Here’s a classic client – marketing consultant interaction:
Client: I want to improve customer satisfaction by 50 percent.
Consultant: What is your customer satisfaction score now?
Client: We don’t know.
Consultant: Then I guarantee I can improve it by at least 50 percent.
Repeat this scenario with any number of worthy goals that have no measurements to back them up.
I call these situations “Wannamakers” after the fellow who said “Over half the money I spend on marketing is wasted. The problem is, I don’t know which half.” Many marketing professionals understand his pain. Even with a comprehensive marketing strategy, you won’t have any idea how much of your effort is wasted, how much money you’re tossing in the trash, or whether your latest consultant or agency is leading you down the garden path without an effective way to measure progress and success.

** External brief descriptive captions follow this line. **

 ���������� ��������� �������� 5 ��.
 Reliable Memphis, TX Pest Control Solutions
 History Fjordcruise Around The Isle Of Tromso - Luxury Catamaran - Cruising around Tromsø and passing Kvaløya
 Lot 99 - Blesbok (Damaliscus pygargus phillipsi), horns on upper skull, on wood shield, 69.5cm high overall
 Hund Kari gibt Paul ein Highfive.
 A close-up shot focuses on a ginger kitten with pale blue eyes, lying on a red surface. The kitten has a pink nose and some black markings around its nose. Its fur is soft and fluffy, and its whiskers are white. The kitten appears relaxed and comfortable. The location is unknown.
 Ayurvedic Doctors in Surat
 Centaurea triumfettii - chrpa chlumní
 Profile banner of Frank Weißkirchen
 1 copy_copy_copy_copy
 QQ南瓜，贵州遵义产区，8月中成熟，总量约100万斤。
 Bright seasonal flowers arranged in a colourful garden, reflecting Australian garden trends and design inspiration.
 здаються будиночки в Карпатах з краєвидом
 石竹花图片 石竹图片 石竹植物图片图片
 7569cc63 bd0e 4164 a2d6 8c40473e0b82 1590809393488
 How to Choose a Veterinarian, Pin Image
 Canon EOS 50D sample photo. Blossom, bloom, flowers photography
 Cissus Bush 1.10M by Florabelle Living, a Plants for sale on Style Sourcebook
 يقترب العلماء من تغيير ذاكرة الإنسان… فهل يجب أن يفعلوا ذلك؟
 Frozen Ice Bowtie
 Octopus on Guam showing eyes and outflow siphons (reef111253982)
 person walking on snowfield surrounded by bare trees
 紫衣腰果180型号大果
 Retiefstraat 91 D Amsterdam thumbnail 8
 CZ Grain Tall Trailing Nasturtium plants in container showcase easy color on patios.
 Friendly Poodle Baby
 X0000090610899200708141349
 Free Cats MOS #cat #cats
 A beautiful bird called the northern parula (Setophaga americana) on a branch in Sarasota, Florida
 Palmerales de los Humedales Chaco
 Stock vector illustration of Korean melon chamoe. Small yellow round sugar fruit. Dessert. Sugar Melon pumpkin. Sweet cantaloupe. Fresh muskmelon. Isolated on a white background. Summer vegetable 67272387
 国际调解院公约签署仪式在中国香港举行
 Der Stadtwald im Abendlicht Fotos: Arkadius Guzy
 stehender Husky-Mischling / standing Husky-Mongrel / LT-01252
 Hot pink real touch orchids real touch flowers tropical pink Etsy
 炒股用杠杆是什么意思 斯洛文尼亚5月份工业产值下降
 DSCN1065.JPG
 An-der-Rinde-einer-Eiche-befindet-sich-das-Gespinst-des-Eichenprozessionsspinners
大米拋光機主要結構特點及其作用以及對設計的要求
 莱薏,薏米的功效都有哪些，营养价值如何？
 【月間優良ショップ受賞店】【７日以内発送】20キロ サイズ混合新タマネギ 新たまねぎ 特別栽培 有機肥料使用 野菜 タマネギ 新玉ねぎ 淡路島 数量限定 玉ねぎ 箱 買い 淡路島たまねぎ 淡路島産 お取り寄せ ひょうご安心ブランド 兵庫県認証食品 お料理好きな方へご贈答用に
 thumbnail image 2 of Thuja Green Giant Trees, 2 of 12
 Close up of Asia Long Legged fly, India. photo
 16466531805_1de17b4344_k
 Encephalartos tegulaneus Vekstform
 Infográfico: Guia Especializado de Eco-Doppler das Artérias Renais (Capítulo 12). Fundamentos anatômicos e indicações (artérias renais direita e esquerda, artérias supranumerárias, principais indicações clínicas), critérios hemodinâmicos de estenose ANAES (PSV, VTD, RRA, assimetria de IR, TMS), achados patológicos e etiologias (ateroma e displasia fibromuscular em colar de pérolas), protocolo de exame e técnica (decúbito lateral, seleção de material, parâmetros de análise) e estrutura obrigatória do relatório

If you’re measuring at the campaign level, there are some good guidelines available. According to ‘Data-Driven Marketing’ by Mark Jeffery, some of the most important ones include:
- Brand Awareness
- Test Drive
- Churn
- Customer Satisfaction
- Take Rate
- Profit
- Net Present Value
- Internal Rate of Return
- Payback
- Customer Lifetime Value
- Cost Per Click
- Transaction Conversion Rate
- Return on Ad Dollars Spent
- Bounce Rate
- Word of Mouth
Consider these metrics in three groups. The first five look at the effectiveness of your branding, customer loyalty, comparative marketing activities, and campaign performance. The next five (6 – 10) are financial metrics that consider the payback on the campaign from several angles and the final five look at relative cost and impact.
Measuring a campaign is only one aspect of the overall measurement process however. Campaign metrics must be integrated into an overall marketing plan and these types of campaign metrics are not a fit for all of the aspects that a marketing exec should be measuring.
For example, what about the impact of customer communications on loyalty, retention and cross-selling. This must be measured based on more than response to individual message blocks on a customer’s bill. What about measurement of call volumes? Qualification of call volumes (questions, complaints, compliments, or new service activation.) Timely and accurate payment of bills? Conversion to electronic channels?
The data collected must be appropriate to the communication it relates to. Before you start collecting data, you need to determine what you’ll do with it; what data you already have and what you can learn from it; and what your current customer knowledge tells you about retention and acquisition. Too many companies attempt measurement processes in ways that leave them with masses of data and very little useful information.
Where ever possible, avoid silos in your data collection and analysis process. There should not be completely separate tools for email campaigns, direct mail campaigns, social media, statement message initiatives etc. There may be some specialized toolsets, but the information needs to come together on all touch points to be truly useful. If you are embarking on this type of project – talk to your colleagues around the company. Don’t reinvent the wheel (until you find out they have no wheels – which also happens.)
Customer data-driven marketing is a major game-changer. The internet, social media, and mobile networks are opening up a huge opportunity for collection of data regarding customer interactions with your marketing funnel.
If you create a solid strategy now, including measurable metrics of success, you’ll enjoy far better financial performance, brand awareness, and customer equity than competitors who don’t know which half of their marketing isn’t working, or that the half is actually more like ninety percent.